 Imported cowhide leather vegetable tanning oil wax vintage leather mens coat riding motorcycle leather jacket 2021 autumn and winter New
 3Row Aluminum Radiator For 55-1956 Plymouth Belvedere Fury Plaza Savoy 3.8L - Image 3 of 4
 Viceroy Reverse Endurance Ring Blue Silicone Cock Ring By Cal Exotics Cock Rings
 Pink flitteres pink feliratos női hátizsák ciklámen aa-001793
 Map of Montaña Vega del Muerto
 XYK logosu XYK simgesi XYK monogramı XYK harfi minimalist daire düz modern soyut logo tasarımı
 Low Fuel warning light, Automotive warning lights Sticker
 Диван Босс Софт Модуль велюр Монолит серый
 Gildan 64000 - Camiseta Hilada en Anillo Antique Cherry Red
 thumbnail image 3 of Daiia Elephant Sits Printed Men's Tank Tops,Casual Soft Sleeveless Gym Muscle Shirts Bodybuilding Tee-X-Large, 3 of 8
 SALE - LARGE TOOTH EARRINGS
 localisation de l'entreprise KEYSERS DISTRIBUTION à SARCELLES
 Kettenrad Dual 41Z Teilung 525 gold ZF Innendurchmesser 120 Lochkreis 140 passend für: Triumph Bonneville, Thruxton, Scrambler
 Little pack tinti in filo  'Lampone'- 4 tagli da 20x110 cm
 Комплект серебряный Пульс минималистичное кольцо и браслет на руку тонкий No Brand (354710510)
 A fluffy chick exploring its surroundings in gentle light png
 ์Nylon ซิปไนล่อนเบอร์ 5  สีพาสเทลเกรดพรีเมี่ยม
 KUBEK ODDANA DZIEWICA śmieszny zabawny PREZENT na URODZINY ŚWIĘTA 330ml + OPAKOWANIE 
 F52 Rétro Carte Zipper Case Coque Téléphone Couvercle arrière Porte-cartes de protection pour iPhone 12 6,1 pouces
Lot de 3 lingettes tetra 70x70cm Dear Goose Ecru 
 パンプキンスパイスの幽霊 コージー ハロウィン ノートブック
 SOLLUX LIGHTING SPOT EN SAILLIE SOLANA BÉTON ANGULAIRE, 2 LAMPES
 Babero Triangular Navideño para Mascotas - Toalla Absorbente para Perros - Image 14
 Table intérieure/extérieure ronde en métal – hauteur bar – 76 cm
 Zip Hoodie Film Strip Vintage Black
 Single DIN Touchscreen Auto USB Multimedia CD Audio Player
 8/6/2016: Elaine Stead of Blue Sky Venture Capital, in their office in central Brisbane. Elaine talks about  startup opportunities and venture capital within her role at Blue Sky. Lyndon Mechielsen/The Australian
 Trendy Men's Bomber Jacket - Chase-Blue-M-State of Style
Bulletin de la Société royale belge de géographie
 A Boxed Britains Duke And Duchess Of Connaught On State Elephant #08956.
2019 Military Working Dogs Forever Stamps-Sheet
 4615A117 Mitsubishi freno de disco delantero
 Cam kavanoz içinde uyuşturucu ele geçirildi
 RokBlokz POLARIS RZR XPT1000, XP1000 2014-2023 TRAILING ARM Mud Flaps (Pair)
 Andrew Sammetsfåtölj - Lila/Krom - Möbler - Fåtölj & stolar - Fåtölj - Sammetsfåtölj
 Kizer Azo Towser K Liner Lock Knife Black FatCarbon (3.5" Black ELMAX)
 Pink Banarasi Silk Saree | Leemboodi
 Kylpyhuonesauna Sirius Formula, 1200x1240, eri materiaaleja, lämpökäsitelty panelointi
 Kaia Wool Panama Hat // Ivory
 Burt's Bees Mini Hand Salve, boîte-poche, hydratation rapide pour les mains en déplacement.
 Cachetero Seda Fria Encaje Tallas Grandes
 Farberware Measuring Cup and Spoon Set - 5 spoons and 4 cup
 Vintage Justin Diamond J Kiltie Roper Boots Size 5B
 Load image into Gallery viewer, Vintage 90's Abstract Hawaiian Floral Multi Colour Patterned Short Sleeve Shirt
┄┄┄┄┄┄
[TASK OBJECTIVE] Output each entry once again, exactly as shown above.

[ANSWER TO THIS EXERCISE]
 Imported cowhide leather vegetable tanning oil wax vintage leather mens coat riding motorcycle leather jacket 2021 autumn and winter New
 3Row Aluminum Radiator For 55-1956 Plymouth Belvedere Fury Plaza Savoy 3.8L - Image 3 of 4
 Viceroy Reverse Endurance Ring Blue Silicone Cock Ring By Cal Exotics Cock Rings
 Pink flitteres pink feliratos női hátizsák ciklámen aa-001793
 Map of Montaña Vega del Muerto
 XYK logosu XYK simgesi XYK monogramı XYK harfi minimalist daire düz modern soyut logo tasarımı
 Low Fuel warning light, Automotive warning lights Sticker
 Диван Босс Софт Модуль велюр Монолит серый
 Gildan 64000 - Camiseta Hilada en Anillo Antique Cherry Red
 thumbnail image 3 of Daiia Elephant Sits Printed Men's Tank Tops,Casual Soft Sleeveless Gym Muscle Shirts Bodybuilding Tee-X-Large, 3 of 8
 SALE - LARGE TOOTH EARRINGS
 localisation de l'entreprise KEYSERS DISTRIBUTION à SARCELLES
 Kettenrad Dual 41Z Teilung 525 gold ZF Innendurchmesser 120 Lochkreis 140 passend für: Triumph Bonneville, Thruxton, Scrambler
 Little pack tinti in filo  'Lampone'- 4 tagli da 20x110 cm
 Комплект серебряный Пульс минималистичное кольцо и браслет на руку тонкий No Brand (354710510)
 A fluffy chick exploring its surroundings in gentle light png
 ์Nylon ซิปไนล่อนเบอร์ 5  สีพาสเทลเกรดพรีเมี่ยม
 KUBEK ODDANA DZIEWICA śmieszny zabawny PREZENT na URODZINY ŚWIĘTA 330ml + OPAKOWANIE 
 F52 Rétro Carte Zipper Case Coque Téléphone Couvercle arrière Porte-cartes de protection pour iPhone 12 6,1 pouces
Lot de 3 lingettes tetra 70x70cm Dear Goose Ecru 
 パンプキンスパイスの幽霊 コージー ハロウィン ノートブック
 SOLLUX LIGHTING SPOT EN SAILLIE SOLANA BÉTON ANGULAIRE, 2 LAMPES
 Babero Triangular Navideño para Mascotas - Toalla Absorbente para Perros - Image 14
 Table intérieure/extérieure ronde en métal – hauteur bar – 76 cm
 Zip Hoodie Film Strip Vintage Black
 Single DIN Touchscreen Auto USB Multimedia CD Audio Player
 8/6/2016: Elaine Stead of Blue Sky Venture Capital, in their office in central Brisbane. Elaine talks about  startup opportunities and venture capital within her role at Blue Sky. Lyndon Mechielsen/The Australian
 Trendy Men's Bomber Jacket - Chase-Blue-M-State of Style
Bulletin de la Société royale belge de géographie
 A Boxed Britains Duke And Duchess Of Connaught On State Elephant #08956.
2019 Military Working Dogs Forever Stamps-Sheet
 4615A117 Mitsubishi freno de disco delantero
 Cam kavanoz içinde uyuşturucu ele geçirildi
 RokBlokz POLARIS RZR XPT1000, XP1000 2014-2023 TRAILING ARM Mud Flaps (Pair)
 Andrew Sammetsfåtölj - Lila/Krom - Möbler - Fåtölj & stolar - Fåtölj - Sammetsfåtölj
 Kizer Azo Towser K Liner Lock Knife Black FatCarbon (3.5" Black ELMAX)
 Pink Banarasi Silk Saree | Leemboodi
 Kylpyhuonesauna Sirius Formula, 1200x1240, eri materiaaleja, lämpökäsitelty panelointi
 Kaia Wool Panama Hat // Ivory
 Burt's Bees Mini Hand Salve, boîte-poche, hydratation rapide pour les mains en déplacement.
 Cachetero Seda Fria Encaje Tallas Grandes
 Farberware Measuring Cup and Spoon Set - 5 spoons and 4 cup
 Vintage Justin Diamond J Kiltie Roper Boots Size 5B
 Load image into Gallery viewer, Vintage 90's Abstract Hawaiian Floral Multi Colour Patterned Short Sleeve Shirt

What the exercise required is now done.